## What you should do:
Skip the images and print the listing exactly.

## Supplied material:

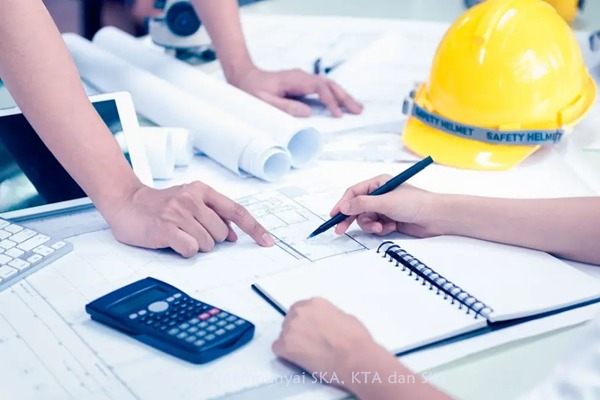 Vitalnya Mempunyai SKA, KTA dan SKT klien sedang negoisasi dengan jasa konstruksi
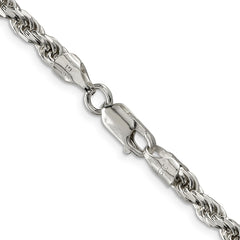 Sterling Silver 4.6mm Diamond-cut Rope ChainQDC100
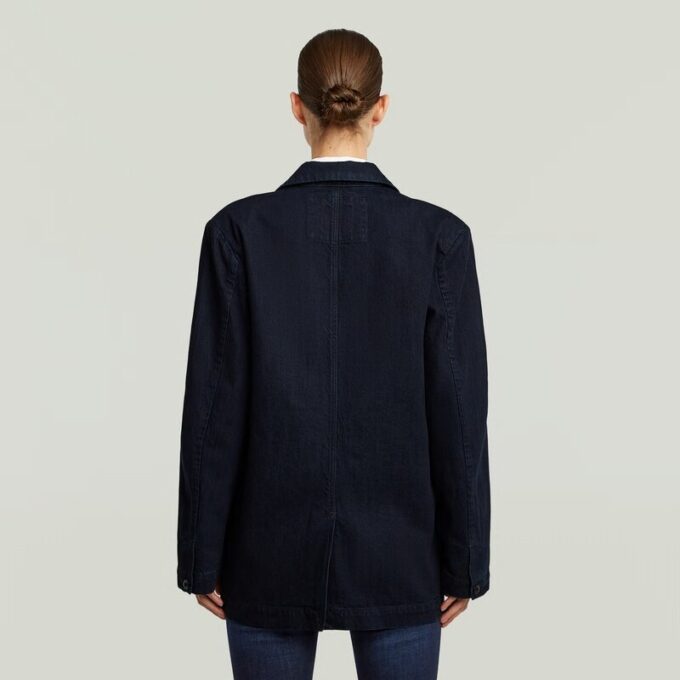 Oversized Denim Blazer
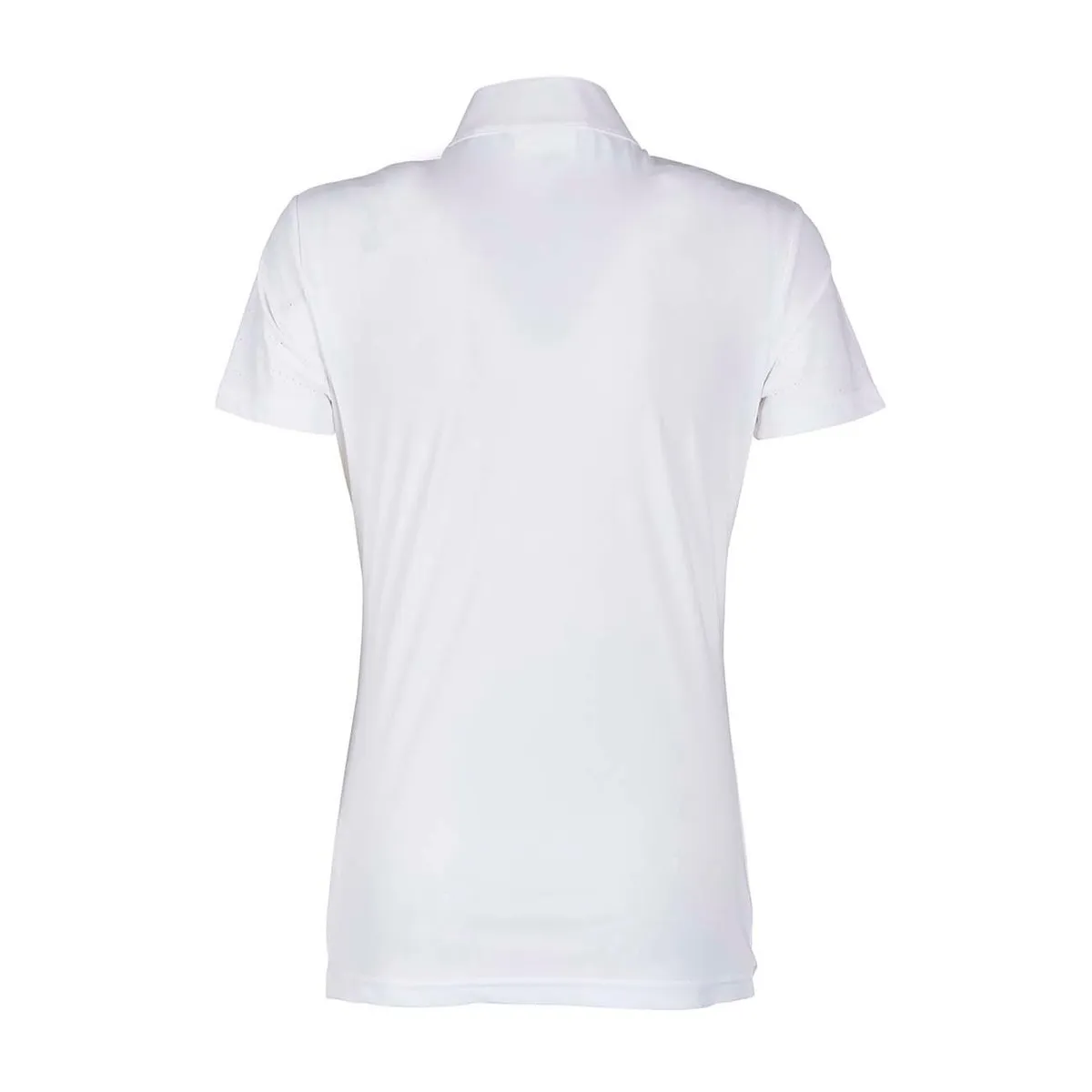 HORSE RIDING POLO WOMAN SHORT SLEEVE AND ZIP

## Solution:
 Vitalnya Mempunyai SKA, KTA dan SKT klien sedang negoisasi dengan jasa konstruksi
 Sterling Silver 4.6mm Diamond-cut Rope ChainQDC100
 Oversized Denim Blazer
 HORSE RIDING POLO WOMAN SHORT SLEEVE AND ZIP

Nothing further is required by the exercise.